• What the task requires
The entries below are to be transcribed in full, without their images.

[Opening Exercise input section]

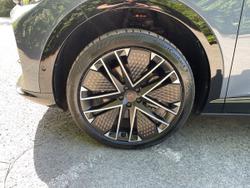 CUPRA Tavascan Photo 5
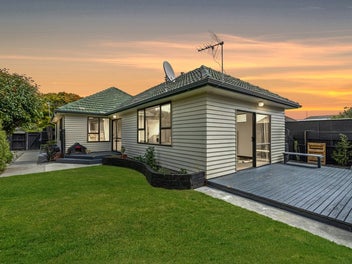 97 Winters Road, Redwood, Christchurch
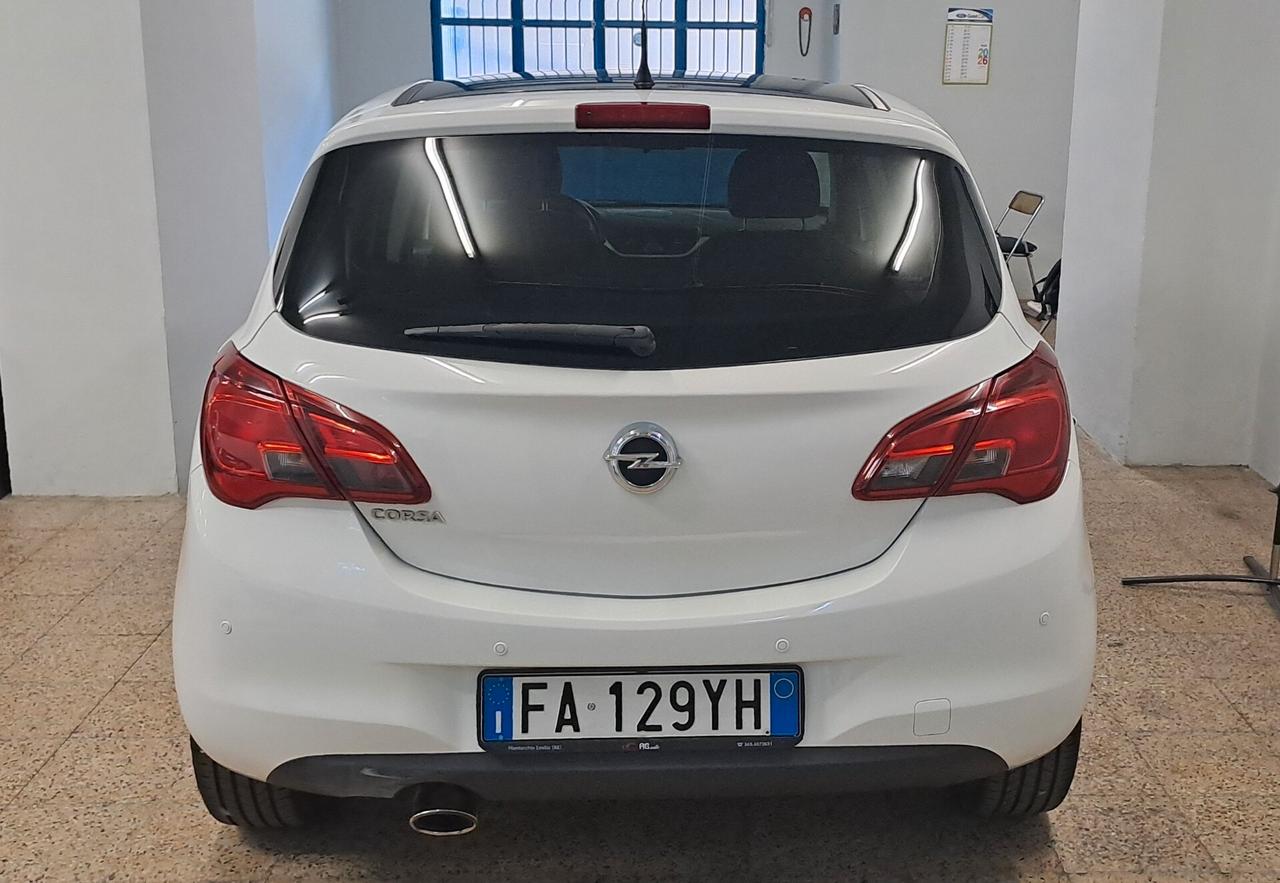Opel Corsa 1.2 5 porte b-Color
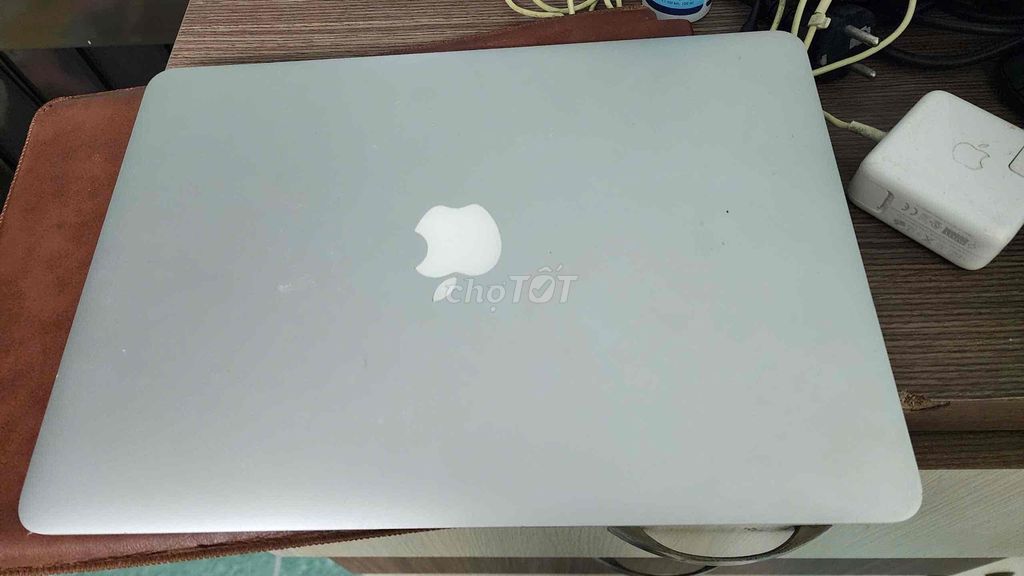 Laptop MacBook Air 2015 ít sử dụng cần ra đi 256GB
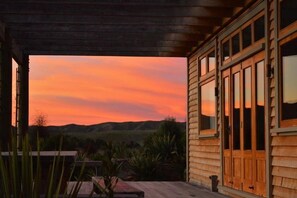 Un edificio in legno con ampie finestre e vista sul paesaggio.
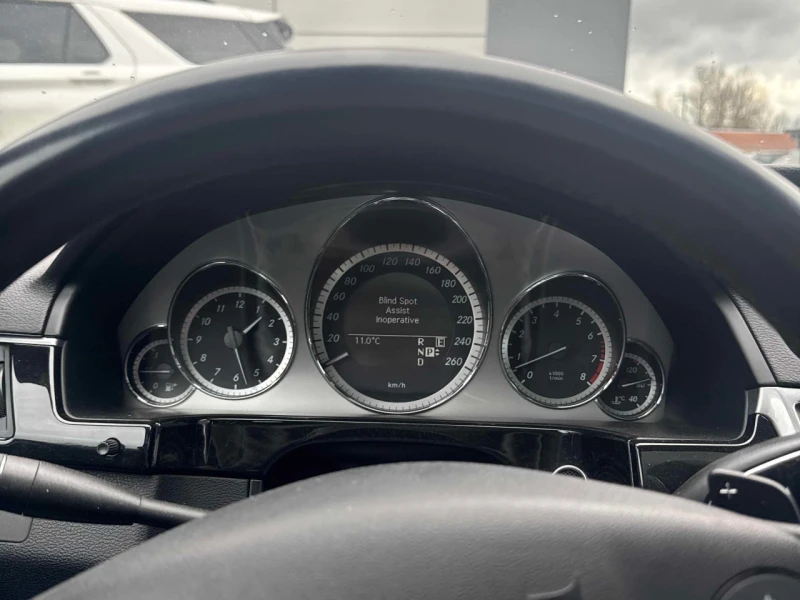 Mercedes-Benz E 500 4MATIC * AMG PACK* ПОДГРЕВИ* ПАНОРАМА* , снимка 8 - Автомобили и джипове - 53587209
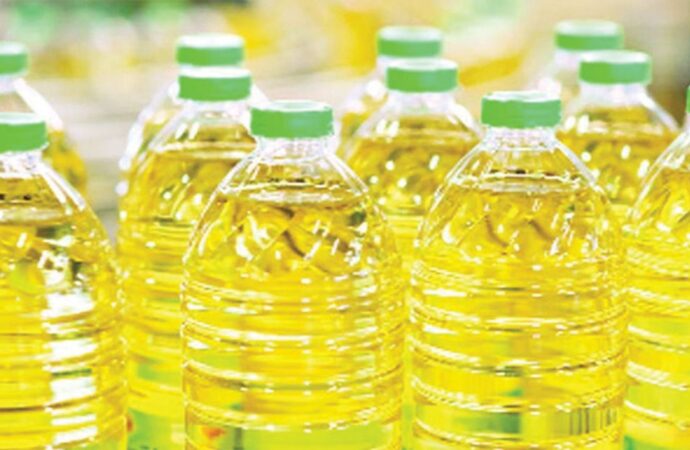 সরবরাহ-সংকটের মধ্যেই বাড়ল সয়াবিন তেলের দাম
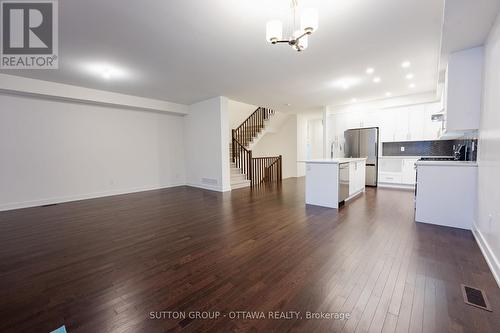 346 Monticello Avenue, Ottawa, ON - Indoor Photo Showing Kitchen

[Closing Exercise input section]

• Result for this task
 CUPRA Tavascan Photo 5
 97 Winters Road, Redwood, Christchurch
Opel Corsa 1.2 5 porte b-Color
 Laptop MacBook Air 2015 ít sử dụng cần ra đi 256GB
 Un edificio in legno con ampie finestre e vista sul paesaggio.
 Mercedes-Benz E 500 4MATIC * AMG PACK* ПОДГРЕВИ* ПАНОРАМА* , снимка 8 - Автомобили и джипове - 53587209
 সরবরাহ-সংকটের মধ্যেই বাড়ল সয়াবিন তেলের দাম
 346 Monticello Avenue, Ottawa, ON - Indoor Photo Showing Kitchen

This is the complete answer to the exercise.